In Defense of the Playful Dangers of Drag
The last time I had the pleasure of serving as a judge for a drag pageant, the host asked our panel what we were looking for in the contestants’ numbers. The other judges offered several drag standards: flawless lip syncs, sickening looks, crowd-pleasing performances. When it was my turn, I added a couple of conceptual criteria.
“Number one,” I offered, “Feeling the fantasy. I want you to convince me that you believe deeply in yourself and what you’re serving. Show me that you are dreaming your dream, babe, and that we’re lucky to live in your world. Even if—no, especially if—it’s a bit delusional. Serve me a performance that makes me feel like you’re alone in your childhood bedroom performing in front of the mirror and truly living for yourself, honey.”
“Number two,” I continued, “A taste of danger. Now, I certainly don’t want anyone to get hurt, but I do want to see that you’re taking risks. Make us gasp and gag, darling. Force us to worry that you might fall off the stage, or that we’re going to get wet in the splash zone. Show me something I’ve never seen before, or compel me to think about something in a completely new way. Take us to the edge and then tell us it’s all going to be okay.”
My criteria might have been a bit dramatic, but that’s par for the course. More importantly, they offer not only a decent recipe for a legendary drag performance, but also a helpful analytic for the possibilities of drag as a form of radical play. In our current era, especially in the contexts of political attacks on this beloved art form, we need to embrace not only drag’s fantasy, but also its playful dangers.

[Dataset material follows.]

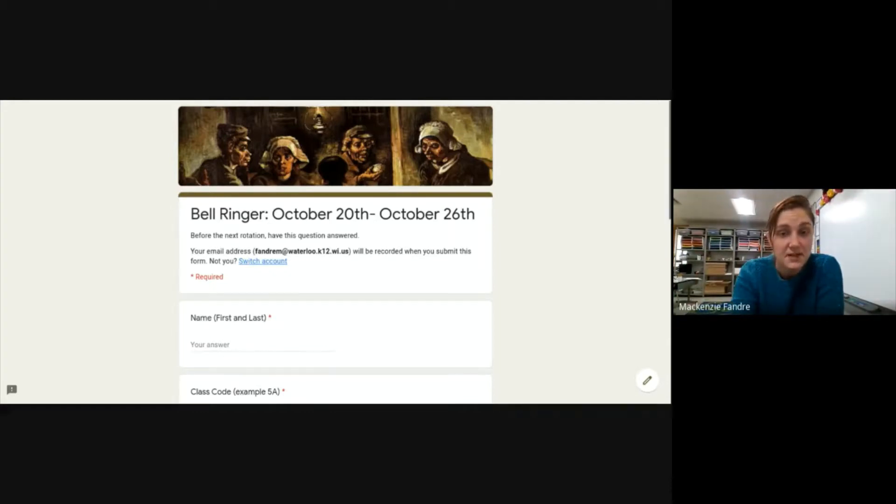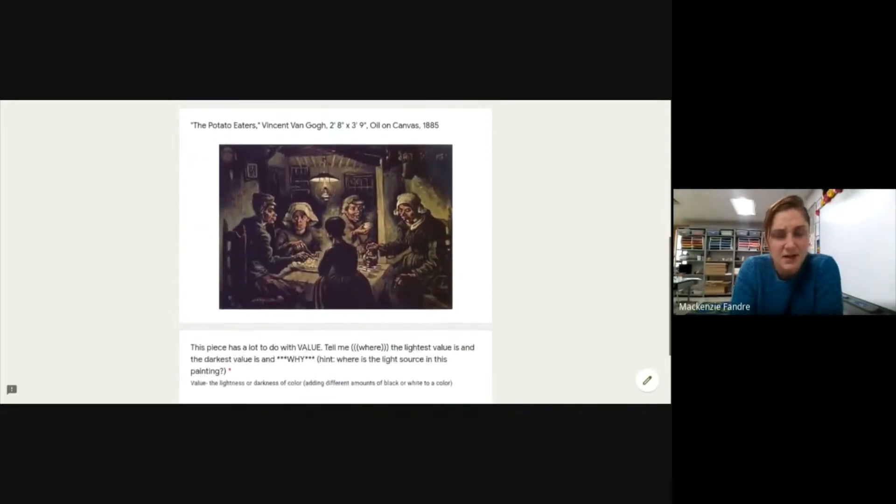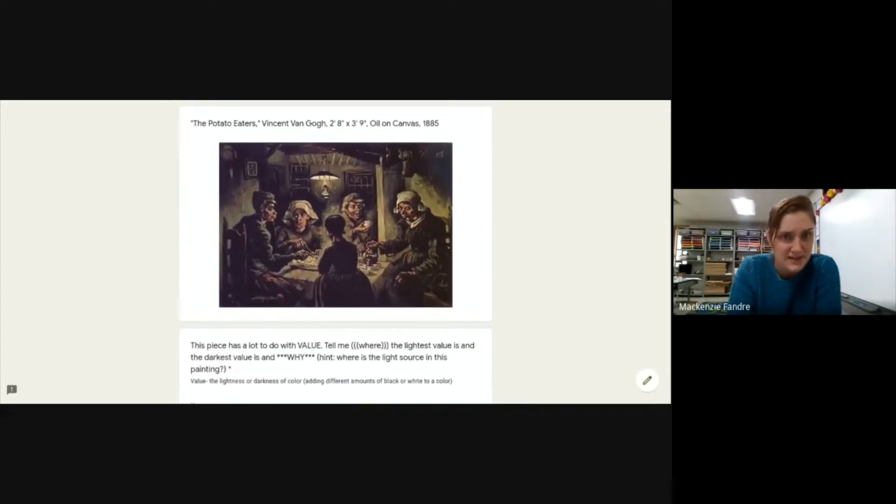If you scroll down into this bell ringer, you'll see this pretty brownish-looking painting called The Potato Eaters, which is actually done by Vincent Van Gogh. That's surprising, because normally Van Gogh is known for his big, swirly, colorful art — we talked about it earlier this year. But this was one of his earlier pieces before he got into that big expressive style.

When most people think about drag, “play” may or may not be among the descriptors they use. For many, a definition of a drag queen begins and ends along the lines of “a man who dresses or performs like a woman,” or vice versa for a drag king. Though lately, even clueless anti-LGBTQ+ legislators have begun to account for drag’s imaginative elements and inherent cultural commentary. For example, Montana’s anti-drag legislation HB 359 (signed into law by Governor Greg Gianforte in May 2023, but temporarily blocked by a federal judge) defines a drag queen as “a male or female performer who adopts a flamboyant or parodic feminine persona with glamorous or exaggerated costumes and makeup.” Parody and glamor indeed! Though as many activists have pointed out, one of the major risks of such vague definitions is that they can be weaponized against trans or gender nonconforming people in everyday contexts far from actual drag shows.

Still, in my research on drag pedagogy and the intersections of drag and digital culture, I find it helpful to think about drag broadly as a form of play. On its most basic level, drag certainly plays with gender, not only disrupting gender stereotypes but also offering creative gender expressions beyond the binary. However, it’s important to think about drag’s cultural impact as much more than gender transgression. Drag is a creative and imaginative form of play that utilizes dress-up to envision and enact new worlds, challenges experiments with a range of cultural aesthetics from exaggerated camp humor to deep earnestness, and builds community through feelings of camaraderie and commiseration.
In this spirit, drag vibes well with many canonical and contemporary theories of play. For example, the early-20th-century Dutch theorist Johan Huizinga describes play as “a voluntary activity or occupation executed within certain fixed limits of time and place, according to rules freely accepted but absolutely binding, having its aim in itself and accompanied by a feeling of tension, joy and the consciousness that it is ‘different’ from ‘ordinary life.’” Or, similarly, contemporary American game designers Katie Salen Tekinbaş and Eric Zimmerman offer a short-and-sweet notion that “Play is free movement within a more rigid structure.” Within these frameworks, drag can be taken seriously as not only an historically significant queer/trans art form, but also as a practice of playful freedom for performers and audiences alike. That is, drag enacts a “magic circle” that creates space for pleasure for its own sake, apart from—but always in relation to—the mundane restrictions of everyday life.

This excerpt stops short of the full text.